En ce moment, c’est le grand déballage au niveau politique en Belgique, notamment du côté de Liège. Et ce grand exercice de transparence – certains parlent plutôt de voyeurisme – porte sur le fait de savoir si certains hommes politiques méritent ou non leurs émoluments.
La question a même fait boomerang au-delà de la ville de Liège. Au point de mettre mal à l’aise une bonne partie de notre personnel politique, y compris la grande majorité qui n’a rien à se reprocher. À chaque fois qu’un salaire ou un mandat rémunéré est jeté en pâture au public par la presse, la même question revient sans cesse: est-ce que ce salaire ou ce mandat est mérité ? Ce qui revient à poser en filigrane la question de la vraie valeur d’un homme politique ?

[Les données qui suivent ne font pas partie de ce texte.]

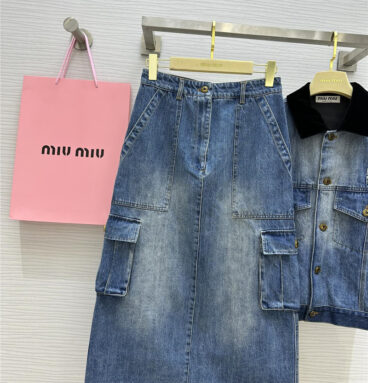miumiu mid-length denim skirt cheap replica designer clothes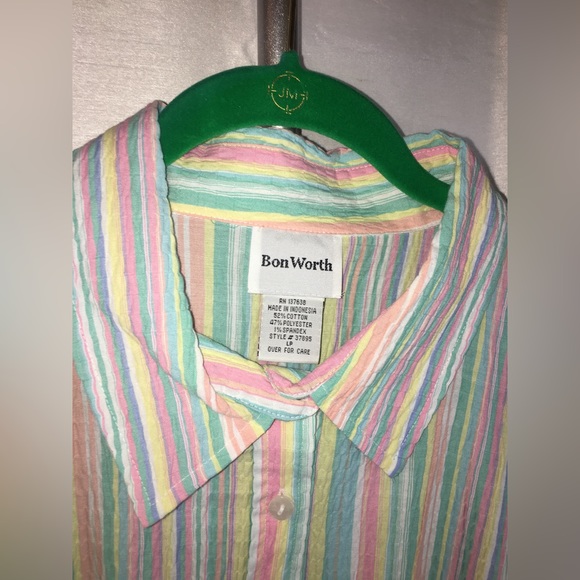 NWT Bon Worth | Women’s Colorful Stripe Pattern Button Down Blouse Top - Picture 2 of 11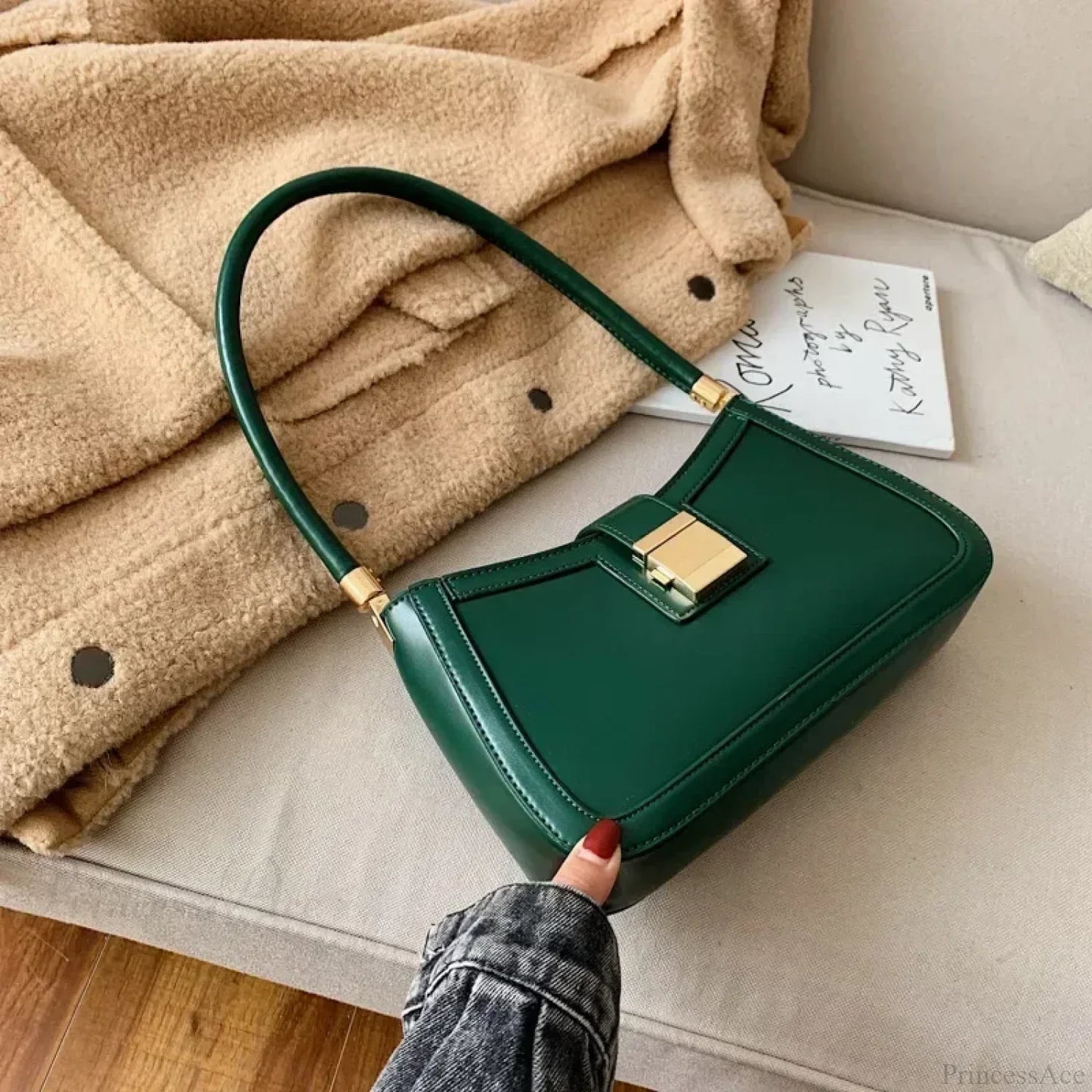 Solid PU Leather Trendy Lock Shoulder Bag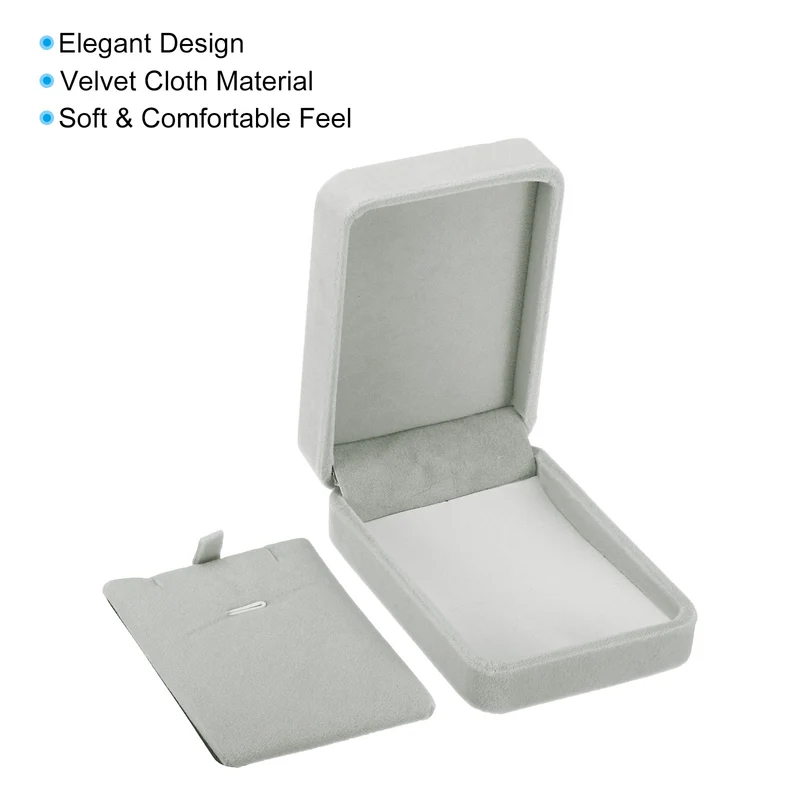 Velvet Necklace Box Single Slot Jewelry Holder for Wedding Style 2, Gray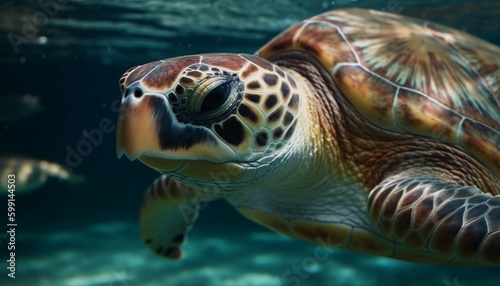 Slow swimming sea turtle in tropical waters generated by AI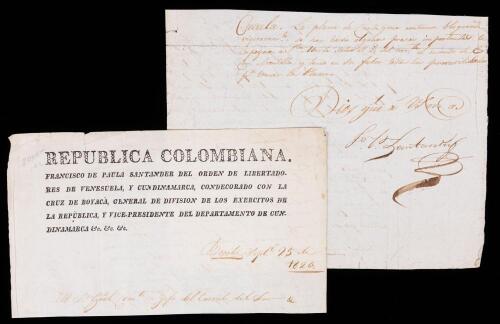 Francisco de Paula Santander: Columbian Military/Political Leader, Autograph Letter Signed. Untranslated. Spectacular Signature.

En fait, c’est l’occasion de rappeler, comme l’ont fait nos confrères du Temps en Suisse, que la même question peut se poser pour quelqu’un actif dans le privé. Si nous écoutons notre PDG ou simplement notre chef de service, il est clair que nous sommes la ressource la plus importante de l’entreprise. Ne dit-on pas que nous formons le capital humain ? Généralement les collaborateurs haussent les épaules lorsqu’ils entendent ce genre de discours, car ils savent qu’à la moindre tempête, à la moindre bourrasque, c’est ce capital humain tant vanté qui valse à la porte.
À la moindre tempête, à la moindre bourrasque, c’est le capital humain tant vanté qui valse à la porte
Le capital humain est en réalité devenu une variable d’ajustement. D’ailleurs, dans le bilan d’une entreprise, ce fameux capital humain figure parmi les coûts et pas dans la rubrique investissement ! Comme l’a bien écrit Le Temps, si une entreprise a 100 personnes, peu importe que ces 100 personnes soient des génies ou des cloches, elles sont comptabilisées de la même manière, donc comme des coûts ! Pourquoi ? Principalement pour des raisons historiques. Le capital humain a l’inconvénient d’être mobile, d’entrer et de sortir de l’entreprise. Il risque même de ne jamais revenir. C’est cette incertitude qui explique qu’historiquement nous sommes payés à la fin du mois, après le premier exercice. En fait, c’est pour être sûr que l’on revienne ! Et puis, la seconde raison, c’est que nous sommes des êtres libres, pas des machines, et donc nous ne pouvons pas être comptabilisés comme un simple actif du genre machine-outil ou immeuble. Voilà pourquoi nous sommes considérés comme des coûts.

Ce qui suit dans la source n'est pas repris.